> Task objective: Reproduce the entries exactly and omit the pictures.

> Data for the task:

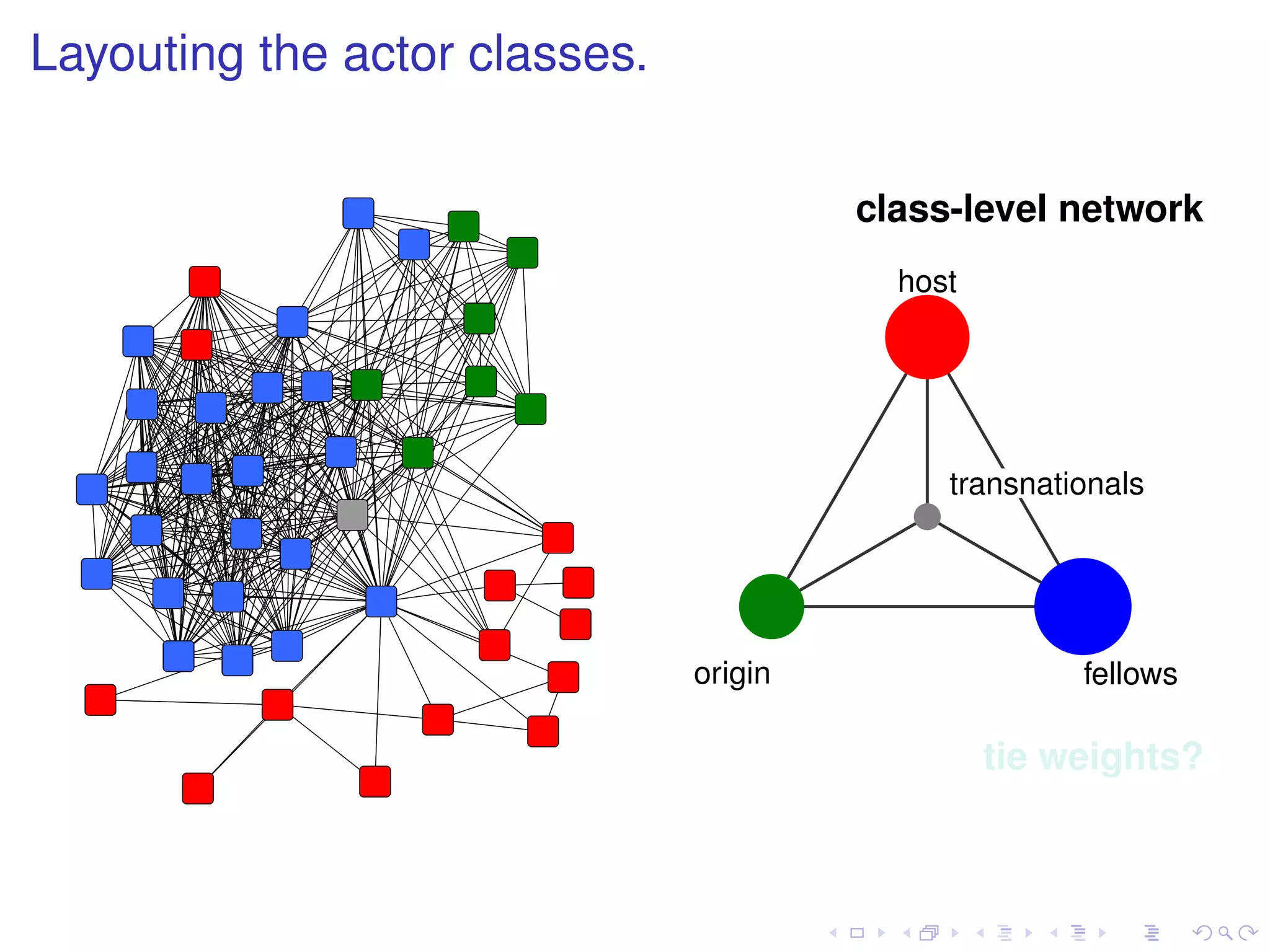 Layouting the actor classes.


                                        class-level network
                                          host




                                             transnationals




                               origin                 fellows

                                                 tie weights?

> Completed exercise:
 Layouting the actor classes.


                                        class-level network
                                          host




                                             transnationals




                               origin                 fellows

                                                 tie weights?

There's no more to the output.